Pablo Caballero Payán Ni la incesante lluvia de las horas previas al partido supuso un impedimento para que el beticismo se echara a la calle. Nada podía enturbiar y deslucir el primero de los dos días que más bonita lució Sevilla. Además, la verdadera tormenta no era la que caía a plomo desde el cielo. La auténtica habitaba en los ojos de cada bético en forma de lágrimas de emoción. Había quiénes lloraban sin consuelo, como un chaparrón incontrolable. Otros, en cambio, regaban sus mejillas con un chirimiri lento y acompasado como las medias verónicas que Curro Romero dibujaba en La Maestranza.

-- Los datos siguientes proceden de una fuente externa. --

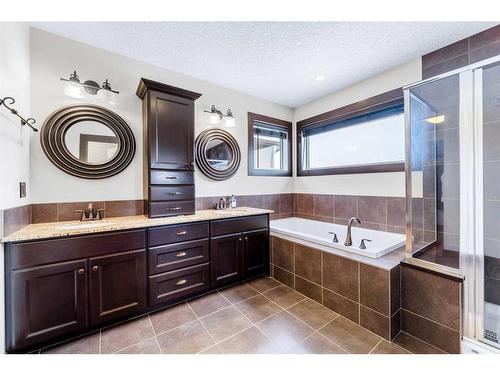 624 Quarry Way Se, Calgary, AB - Indoor Photo Showing Bathroom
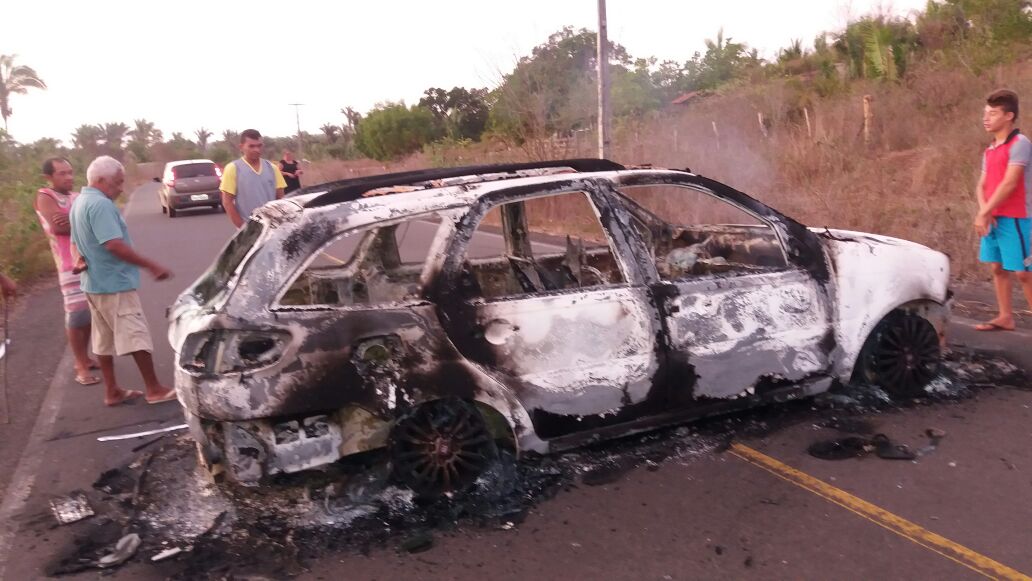 Carro foi incendiado na fuga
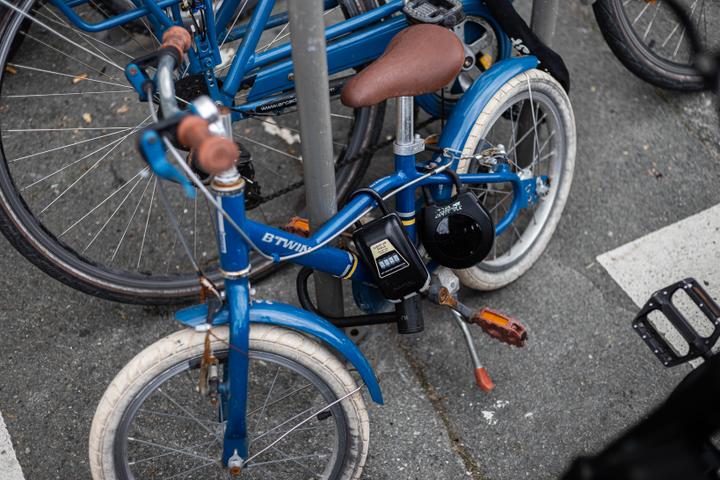 Des boîtes à clés attachées à un vélo d’enfant, dans le centre de La Rochelle, le 3 octobre 2025.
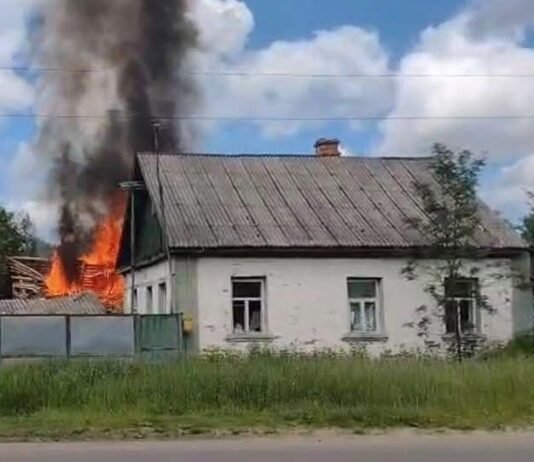 Росіяни кілька разів атакували Семенівку FPV-дронами: пошкоджено авто та цивільну інфраструктуру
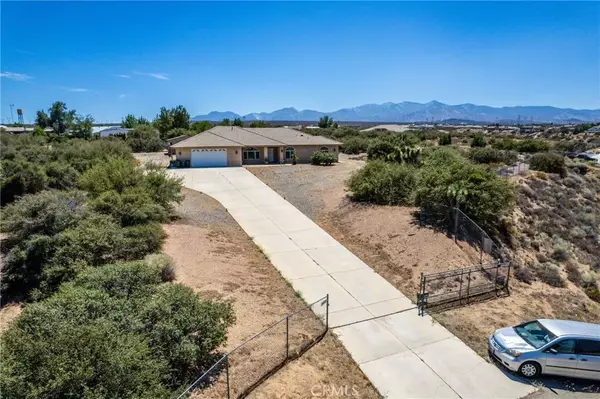 Oak Hills, CA 92344,9735 Highland Road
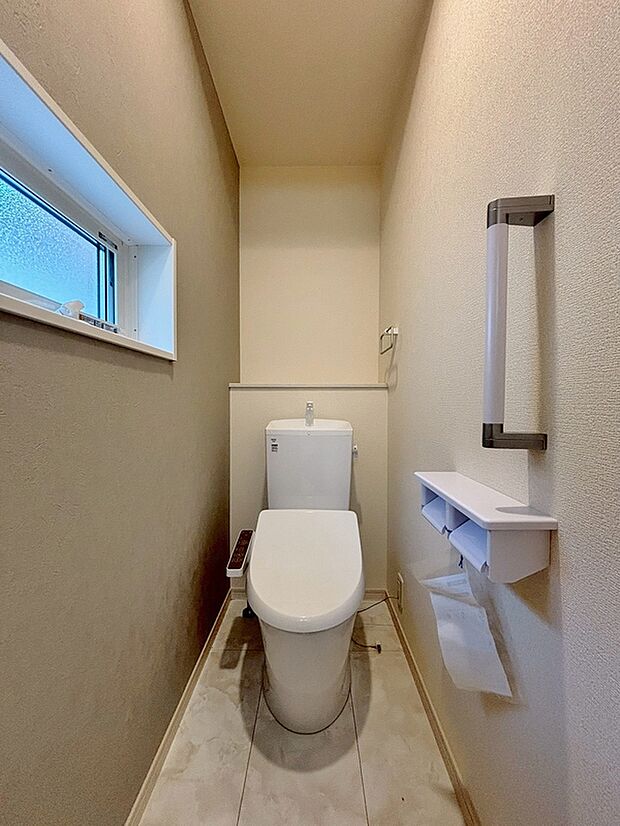 【トイレ】温水洗浄機能付き！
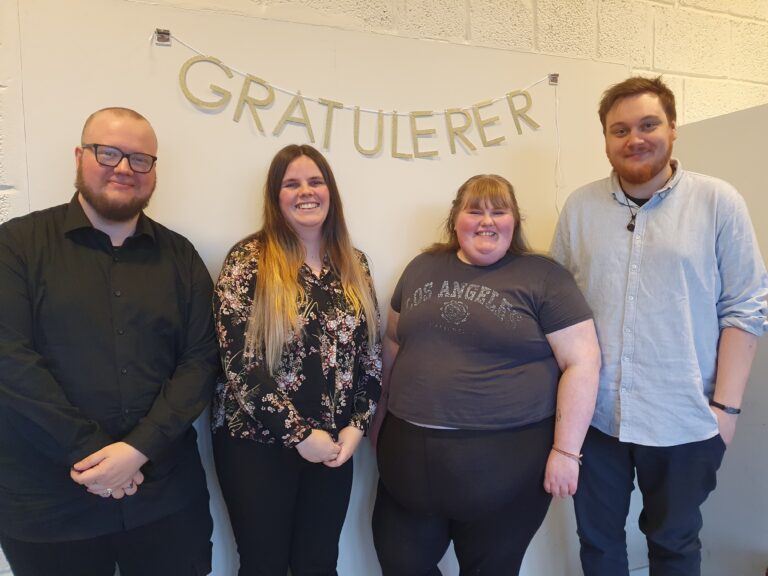 Espen Eriksen (f.v.), Sandra Bjerkås, Renate Evensen og Andreas Rusti Johansen er fire av de åtte kursdeltagerne.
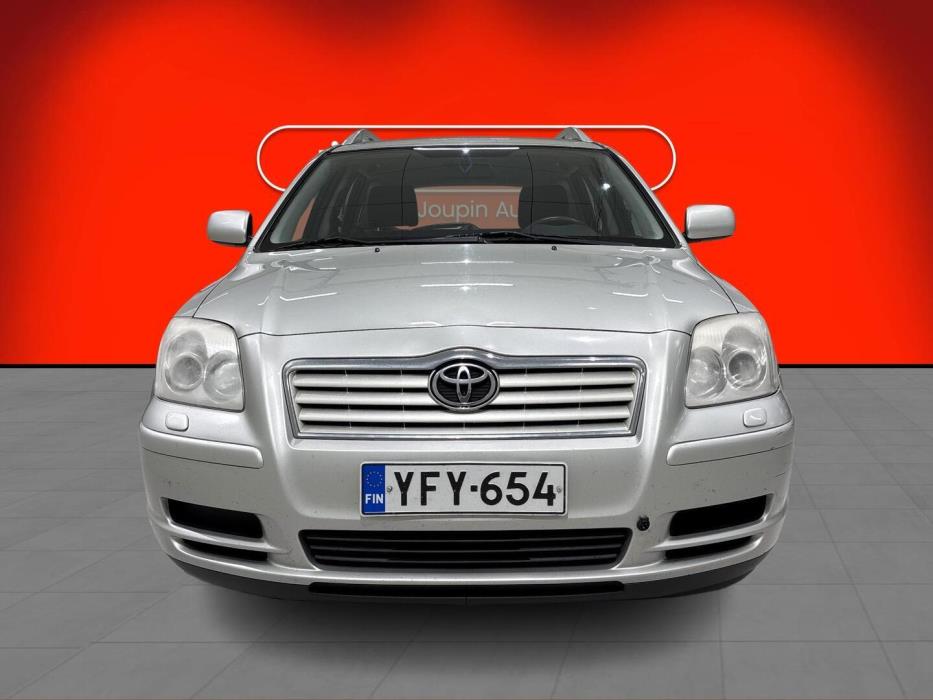 TOYOTA Avensis 2005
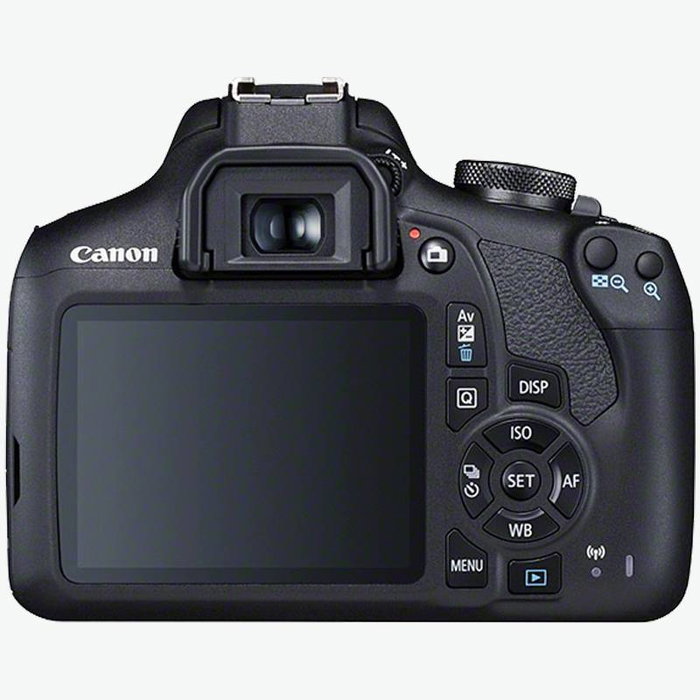 Canon EOS 2000D con objetivo EF-S 18-55mm f/3.5-5.6 III Canon EOS 2000D con objetivo EF-S 18-55mm f/3.5-5.6 III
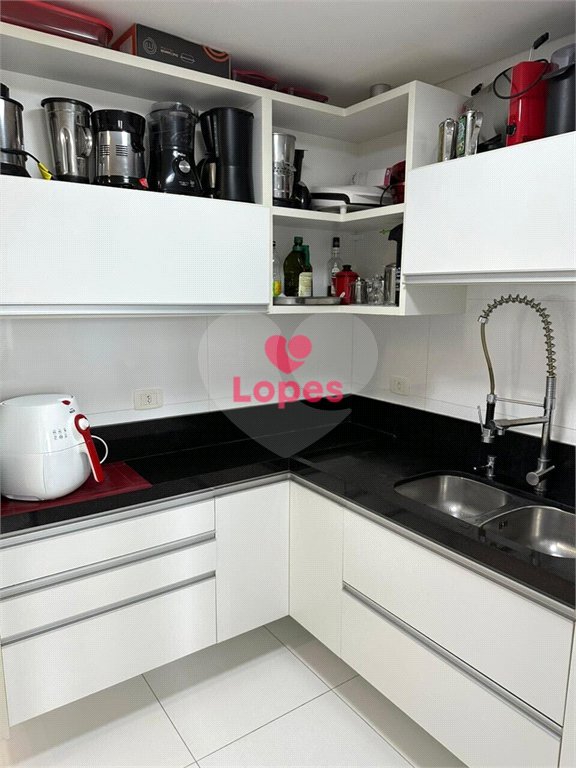 Apartamento à venda com 3 quartos, sendo 2 suítes, em Parque Residencial Aquarius, São José dos Campos, SP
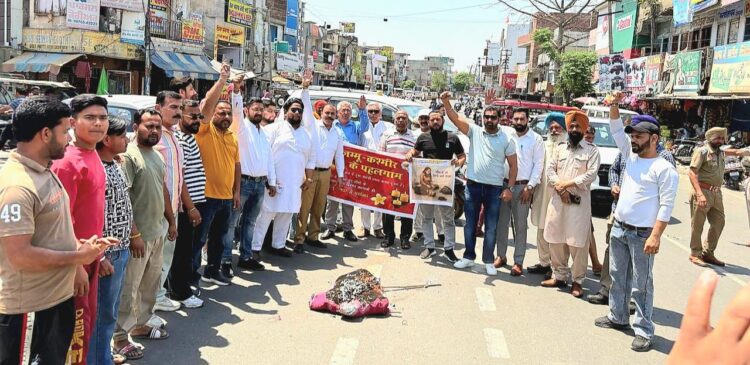 *ਅੱਜ ਬਜਰੰਗ ਦਲ ਹਿੰਦੂਸਤਾਨ ਬਟਾਲਾ ਵਲੋ ਜੰਮੂ-ਕਸ਼ਮੀਰ ਦੇ ਪਹਿਲਗਾਮ ‘ਚ ਹੋਏ ਅੱਤਵਾਦੀ ਹਮਲੇ ਦੇ ਪੀੜਤਾਂ ਨੂੰ ਸਰਧਾਂਜਲੀ ਦੇਣ ਅਤੇ ਪਾਕਿਸਤਾਨ ਅੱਤਵਾਦੀ ਦੇ ਖਿਲਾਫ਼ ਪ੍ਰਦਰਸ਼ਨ ਕੀਤਾ ਅਤੇ ਅੱਤਵਾਦ ਦਾ ਪੁਤਲਾ ਸਾੜਿਆ,*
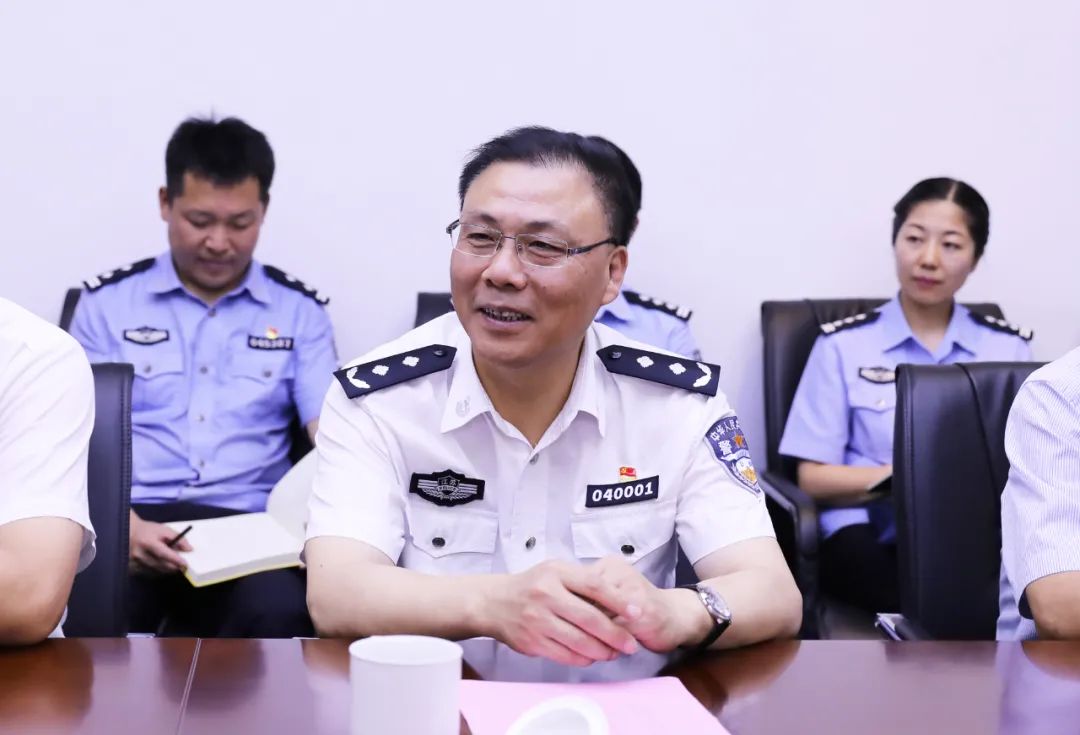 确保苏州社会大局持续安全稳定 黄爱军开展国庆假期安保检查慰问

Cesó el agua y el temporal se trasladó a los corazones verdiblancos en forma de nervios, incertidumbre, esperanza e ilusión. Como si fuera una estación de penitencia solemne se dirigió la fiel infantería bética hasta La Cartuja para mirar cara a cara al destino y preguntarle con descaro si le depararía gloria o decepción. Las dos metas, irremediablemente, se alcanzarían por el camino del sufrimiento, ese que nos ha acompañado siempre y del que, en cierto modo, nos hemos hecho dependientes. Con el corazón helado y expectante vimos como Miranda, uno de los nuestros, se encaminaba hacia el punto de penalti. Luego llegó el éxtasis cuando la pelota tocó las redes de la portería y el lateral bético se arrodilló llorando como solo lloran los que de verdad sienten en verdiblanco y volví a abrazarme con mi hermano como en 2005 y también con mis amigos para desterrar todos los sinsabores padecidos. Y tras el partido, de nuevo otra estación de penitencia hacia la Plaza Nueva pero muy distinta a la de la tarde. Regresamos al centro neurálgico de la ciudad como regresan las cofradías de barrio tras pasar por la catedral: alegres, pidiendo marchas, gustándose y haciendo disfrutar a todos. Poco o nada importaba la importante lluvia que había recibido nuestros cuerpos, aunque a más de uno le costó un resfriado de mírame y no me toques. La fiesta, como no podía ser de otra manera, continuó al día siguiente. Bajo un radiante sol esperaban miles y miles de béticos el paso del autobús para ovacionar y compartir la euforia y la alegría que todos sentíamos. Pude ver en los ojos de mis hijas la luz brillante y sincera de la felicidad infinita de ser béticas y entonces sentí que todo había cambiado y que nada volvería a ser igual. Porque desde ese día disfruto (y sufro) de mi pasión verdiblanca por mí y por ellas, que por vez primera vivieron con emoción la bendita condición de ser del Real Betis Balompié. Y como ellas, muchos niños y niñas que desconocían estas sensaciones y que se convirtieron en protagonistas imprescindibles de un espectáculo maravilloso, como también lo fueron aquellos béticos que habían perdido la esperanza de volver a vivir sensaciones como las vividas el 23 y 24 de abril del pasado año, dos días que se quedarán para siempre en nuestra memoria y en la de nuestra ciudad, que lució más bella que nunca teñida de verde, blanco y verde por cada rincón de sus calles.